State v. Muggins, 39368

Decision Date10 October 1974
Docket NumberNo. 39368,39368
Citation222 N.W.2d 289,192 Neb. 415
PartiesSTATE of Nebraska, Appellee, v. Jerry MUGGINS, Appellant.
CourtNebraska Supreme Court

Syllabus by the Court

1. A sentencing court in prescribing probation may impose any conditions of probation that it is authorized by statute to impose.

2. This court will disturb an order of probation only where it appears from the record that in executing such order the sentencing court imposed a condition or conditions of probation which it was not authorized by statute to impose.

3. A requirement that one convicted of driving while intoxicated attend and complete an 'Alcohol Abuse Course' established under sections 39--669.31 and 39--669.32, R.R.S.1943 (Reissue of 1974), is a valid condition of probation under section 29--2262(2)(e) and (m), R.S.Supp., 1972.

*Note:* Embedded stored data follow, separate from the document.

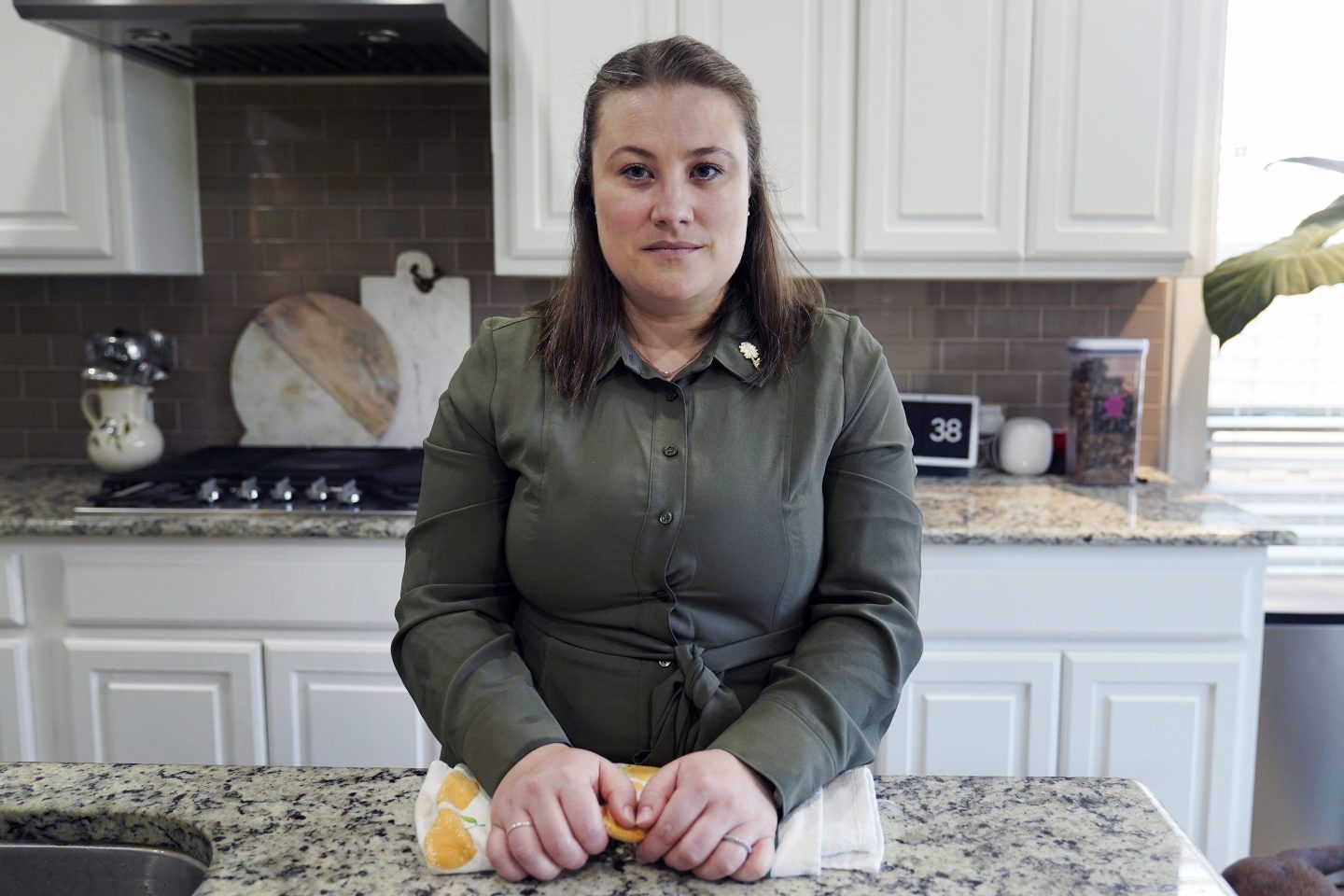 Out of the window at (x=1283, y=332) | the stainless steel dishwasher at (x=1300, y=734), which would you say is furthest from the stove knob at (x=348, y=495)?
the window at (x=1283, y=332)

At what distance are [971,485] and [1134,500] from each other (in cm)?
34

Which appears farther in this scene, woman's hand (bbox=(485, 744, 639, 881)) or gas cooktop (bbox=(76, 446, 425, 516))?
gas cooktop (bbox=(76, 446, 425, 516))

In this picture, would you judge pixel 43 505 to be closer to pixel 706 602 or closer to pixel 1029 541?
pixel 706 602

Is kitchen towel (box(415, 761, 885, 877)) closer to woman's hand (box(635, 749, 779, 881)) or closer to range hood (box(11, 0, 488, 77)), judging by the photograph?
woman's hand (box(635, 749, 779, 881))

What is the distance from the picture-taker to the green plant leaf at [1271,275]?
197 cm

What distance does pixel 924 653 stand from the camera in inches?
85.3

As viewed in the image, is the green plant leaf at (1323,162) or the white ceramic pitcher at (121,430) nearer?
the green plant leaf at (1323,162)

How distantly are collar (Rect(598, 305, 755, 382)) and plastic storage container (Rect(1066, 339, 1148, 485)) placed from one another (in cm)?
154

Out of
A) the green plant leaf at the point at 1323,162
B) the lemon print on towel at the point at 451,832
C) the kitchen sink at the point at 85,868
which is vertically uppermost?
the green plant leaf at the point at 1323,162

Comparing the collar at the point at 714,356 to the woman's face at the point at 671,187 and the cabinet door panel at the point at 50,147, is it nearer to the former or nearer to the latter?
the woman's face at the point at 671,187

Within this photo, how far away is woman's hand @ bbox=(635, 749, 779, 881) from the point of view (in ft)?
2.71

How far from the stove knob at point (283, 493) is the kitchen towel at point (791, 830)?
142 centimetres

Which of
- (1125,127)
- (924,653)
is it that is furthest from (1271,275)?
(924,653)

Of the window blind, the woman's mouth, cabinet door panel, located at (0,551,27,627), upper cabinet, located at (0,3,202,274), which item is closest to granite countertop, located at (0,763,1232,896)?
the woman's mouth
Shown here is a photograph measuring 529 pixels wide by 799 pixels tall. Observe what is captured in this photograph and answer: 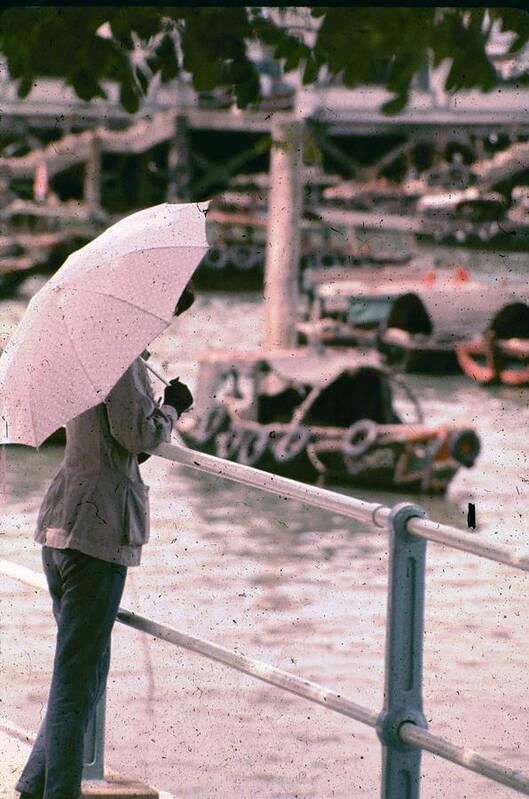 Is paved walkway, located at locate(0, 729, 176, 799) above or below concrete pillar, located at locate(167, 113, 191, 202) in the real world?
above

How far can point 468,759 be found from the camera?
10.5 ft

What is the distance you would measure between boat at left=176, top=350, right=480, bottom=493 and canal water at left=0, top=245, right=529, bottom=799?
0.46m

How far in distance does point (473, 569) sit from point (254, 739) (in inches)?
270

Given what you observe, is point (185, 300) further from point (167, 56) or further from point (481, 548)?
point (167, 56)

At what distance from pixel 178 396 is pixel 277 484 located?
1.30 ft

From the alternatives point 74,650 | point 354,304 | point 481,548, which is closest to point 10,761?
point 74,650

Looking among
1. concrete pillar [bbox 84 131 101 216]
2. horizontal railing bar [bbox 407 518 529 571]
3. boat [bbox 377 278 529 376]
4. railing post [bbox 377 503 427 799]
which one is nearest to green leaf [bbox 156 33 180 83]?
railing post [bbox 377 503 427 799]

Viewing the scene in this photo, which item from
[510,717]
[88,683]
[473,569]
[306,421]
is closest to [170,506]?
[306,421]

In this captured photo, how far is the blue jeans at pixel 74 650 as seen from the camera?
11.9 feet

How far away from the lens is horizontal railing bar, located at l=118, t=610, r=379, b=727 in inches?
134

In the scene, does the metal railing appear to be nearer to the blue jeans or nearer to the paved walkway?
the blue jeans

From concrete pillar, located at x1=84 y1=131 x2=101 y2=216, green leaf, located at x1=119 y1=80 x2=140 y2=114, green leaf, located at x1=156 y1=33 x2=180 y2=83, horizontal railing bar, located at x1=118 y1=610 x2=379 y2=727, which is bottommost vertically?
concrete pillar, located at x1=84 y1=131 x2=101 y2=216

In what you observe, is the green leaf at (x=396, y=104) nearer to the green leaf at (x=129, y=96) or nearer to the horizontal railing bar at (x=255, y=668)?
the green leaf at (x=129, y=96)

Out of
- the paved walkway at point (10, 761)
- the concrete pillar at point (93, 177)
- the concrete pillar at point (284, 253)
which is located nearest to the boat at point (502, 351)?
the concrete pillar at point (284, 253) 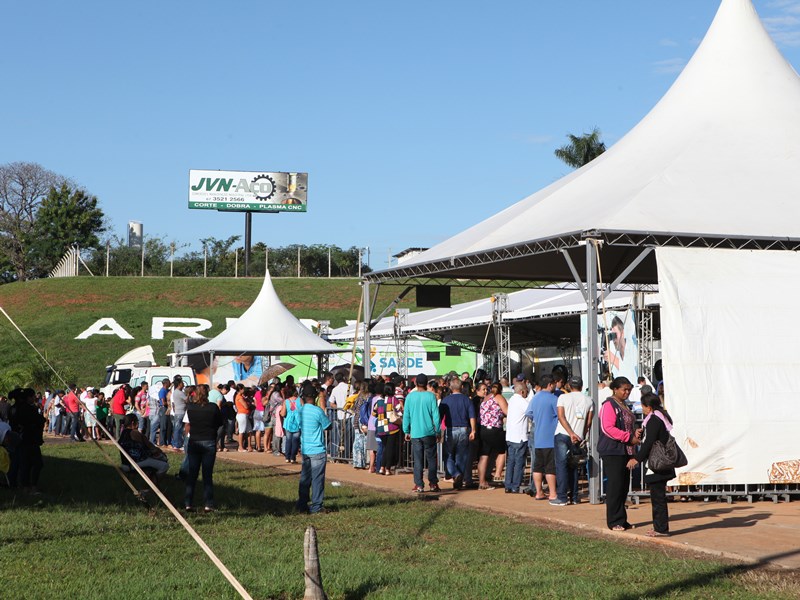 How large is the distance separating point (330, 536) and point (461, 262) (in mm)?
7078

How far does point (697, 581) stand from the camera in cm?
831

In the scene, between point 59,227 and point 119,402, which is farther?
point 59,227

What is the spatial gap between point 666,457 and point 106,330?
5026cm

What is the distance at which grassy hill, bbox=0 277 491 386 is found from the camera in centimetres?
5353

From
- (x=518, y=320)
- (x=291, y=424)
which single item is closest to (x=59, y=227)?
(x=518, y=320)

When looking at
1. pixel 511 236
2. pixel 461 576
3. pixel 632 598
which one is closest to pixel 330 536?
pixel 461 576

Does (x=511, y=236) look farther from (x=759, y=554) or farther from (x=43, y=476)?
(x=43, y=476)

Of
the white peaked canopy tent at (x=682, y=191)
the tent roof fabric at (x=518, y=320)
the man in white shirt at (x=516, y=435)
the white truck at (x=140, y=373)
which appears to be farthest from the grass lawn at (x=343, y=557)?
the white truck at (x=140, y=373)

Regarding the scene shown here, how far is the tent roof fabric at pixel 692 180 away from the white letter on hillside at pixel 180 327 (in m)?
38.8

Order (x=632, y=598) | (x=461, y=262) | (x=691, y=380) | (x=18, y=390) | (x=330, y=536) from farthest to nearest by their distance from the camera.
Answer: (x=461, y=262) < (x=18, y=390) < (x=691, y=380) < (x=330, y=536) < (x=632, y=598)

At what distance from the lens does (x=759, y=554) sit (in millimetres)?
9695

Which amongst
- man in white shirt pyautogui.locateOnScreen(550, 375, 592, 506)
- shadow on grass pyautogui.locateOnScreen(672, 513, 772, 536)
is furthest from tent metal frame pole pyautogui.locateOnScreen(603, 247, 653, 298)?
shadow on grass pyautogui.locateOnScreen(672, 513, 772, 536)

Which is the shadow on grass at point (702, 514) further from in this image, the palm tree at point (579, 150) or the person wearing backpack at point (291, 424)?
the palm tree at point (579, 150)

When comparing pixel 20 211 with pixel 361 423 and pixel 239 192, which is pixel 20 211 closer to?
pixel 239 192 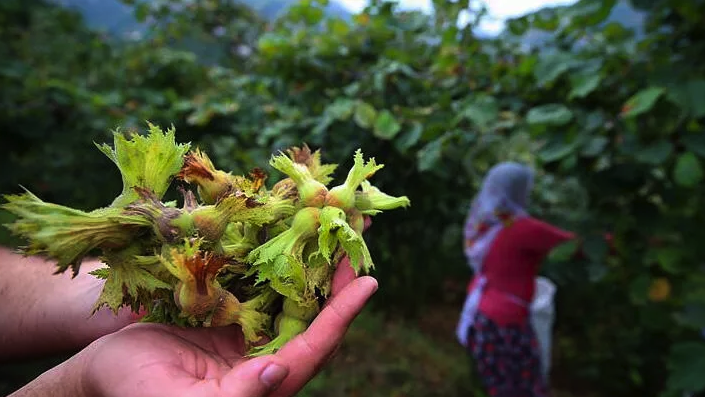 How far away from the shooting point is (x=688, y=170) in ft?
4.52

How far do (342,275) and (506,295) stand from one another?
6.57 feet

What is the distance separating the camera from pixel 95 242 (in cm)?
61

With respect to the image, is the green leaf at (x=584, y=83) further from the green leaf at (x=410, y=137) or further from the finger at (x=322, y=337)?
the finger at (x=322, y=337)

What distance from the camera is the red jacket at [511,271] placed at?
250 centimetres

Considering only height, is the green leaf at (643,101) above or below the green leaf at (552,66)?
below

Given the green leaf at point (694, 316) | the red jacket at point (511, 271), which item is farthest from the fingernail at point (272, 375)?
the red jacket at point (511, 271)

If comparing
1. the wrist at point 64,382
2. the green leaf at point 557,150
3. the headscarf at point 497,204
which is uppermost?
the green leaf at point 557,150

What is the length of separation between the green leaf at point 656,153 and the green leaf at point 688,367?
2.10ft

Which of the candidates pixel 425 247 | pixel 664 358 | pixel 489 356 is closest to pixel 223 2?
pixel 425 247

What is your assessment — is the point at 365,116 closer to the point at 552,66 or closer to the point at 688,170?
the point at 552,66

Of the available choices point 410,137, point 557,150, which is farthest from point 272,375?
point 557,150

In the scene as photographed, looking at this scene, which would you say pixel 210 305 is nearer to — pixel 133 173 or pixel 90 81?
pixel 133 173

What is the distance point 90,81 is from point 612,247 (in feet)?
11.3

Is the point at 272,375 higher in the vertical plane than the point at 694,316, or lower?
higher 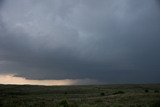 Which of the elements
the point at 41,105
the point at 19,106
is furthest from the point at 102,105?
the point at 19,106

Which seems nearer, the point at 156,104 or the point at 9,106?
the point at 156,104

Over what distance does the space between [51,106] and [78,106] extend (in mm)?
3356

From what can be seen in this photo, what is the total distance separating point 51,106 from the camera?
131 feet

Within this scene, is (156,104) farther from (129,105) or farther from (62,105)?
(62,105)

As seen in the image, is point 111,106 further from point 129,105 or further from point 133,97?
point 133,97

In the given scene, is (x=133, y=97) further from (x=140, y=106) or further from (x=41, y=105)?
(x=41, y=105)

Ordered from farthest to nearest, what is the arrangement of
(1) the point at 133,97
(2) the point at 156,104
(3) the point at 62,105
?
(1) the point at 133,97 → (3) the point at 62,105 → (2) the point at 156,104

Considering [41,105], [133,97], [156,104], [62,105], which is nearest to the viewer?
[156,104]

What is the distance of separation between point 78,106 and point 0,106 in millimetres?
9843

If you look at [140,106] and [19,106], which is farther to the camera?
[19,106]

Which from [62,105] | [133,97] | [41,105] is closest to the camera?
[62,105]

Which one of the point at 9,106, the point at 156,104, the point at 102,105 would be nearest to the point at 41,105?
the point at 9,106

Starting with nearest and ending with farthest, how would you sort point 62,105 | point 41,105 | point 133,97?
point 62,105 → point 41,105 → point 133,97

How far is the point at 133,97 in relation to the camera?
5069 centimetres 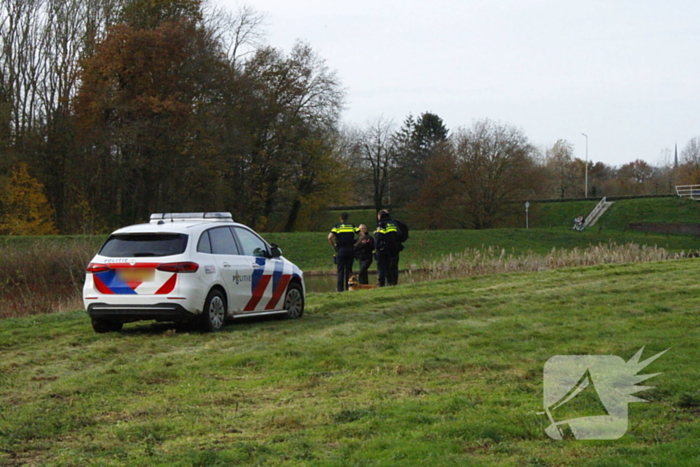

4. A condition of probation that one convicted of driving while intoxicated pay the fee for an Alcohol Abuse Course is presumptively valid as reasonably related to the rehabilitation of the offender, and will not be disturbed on appeal, absent a showing in the record that the fee charged is unreasonable in amount or unduly onerous to probationer.

Zane M. Pic, Greeley, Colo., for appellant.

Clarence A. H. Meyer, Atty. Gen., Steven C. Smith, Special Asst. Atty. Gen., Lincoln, for appellee.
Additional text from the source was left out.